The bit of the tapestry that stood out for me was a depiction of Moses striking the rock at Ka’desh. What’s significant about it is that Moses has horns- and as a Jewish participant said – we know who else has horns. So what does this say about Moses and derivatively about Jews? It’s not unusual to have Moses depicted with horns in Christian art. Perhaps the most famous is Michelangelo’s statue of Moses in The Church of St Peter in Chains in Rome. Did Michelangelo really think Moses had horns? How on earth did this come about?
It’s thought to have originated with Jerome who translated the Hebrew bible into Latin. Exodus 34:29-30 says when Moses came down from Mt Sinai, having seen God face to face and having received the Ten Commandments ‘The skin of his face shone because he had been talking with God. When Aaron and all the Israelites saw Moses, the skin of his face was shining, and they were afraid to come near him’. It’s the word for shining that’s caused the problem.
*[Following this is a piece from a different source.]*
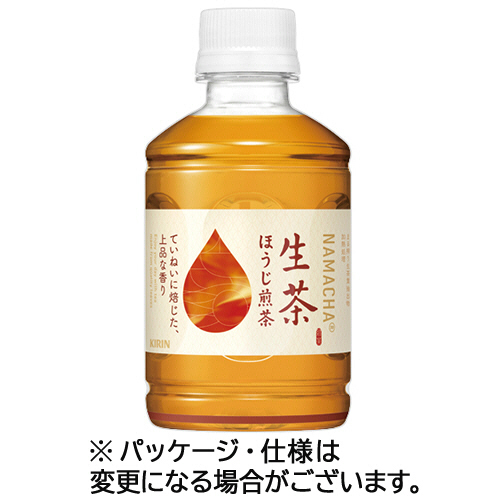 生茶 ほうじ煎茶 ﾎｯﾄ&ｺｰﾙﾄﾞ 280mL ﾍﾟｯﾄﾎﾞﾄﾙ 1ｹｰｽ(24本)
It seems the word in the Hebrew text is qaran or keren and while it can refer to a ray of light it can also refer to a horn. in Jerome’s latin translation he used the word ‘cornuta’ which certainly means a horn – of both the musical and animal kind. According to a commentary Jerome wrote to accompany his translation, he chose ‘horned’ as a metaphor for strength and authority which was not unusual as horns in the ancient world were often seen as symbols of power. However they did come to be associated with Satan and to the shame of Christianity contributed to the demonization of Jews for most of Christian history. In a visit to Poland a number of years ago there was often a horned figure on the periphery of nativity and crucifixion scenes.
So whether the translation of ‘keren’ was a mistake, a choice to show Moses’ authority, it had consequences which influenced people’s understanding of Jews for many centuries. Medieval Christendom abounded with stories and rumours about Jews, all of which we know were untrue. Jews were often in danger for their lives, particularly at this time of year when the stories of the Passion of Jesus led many to see Jews as God-killers. Often Jews would be advised to stay off the streets over the Easter weekend for their own safety.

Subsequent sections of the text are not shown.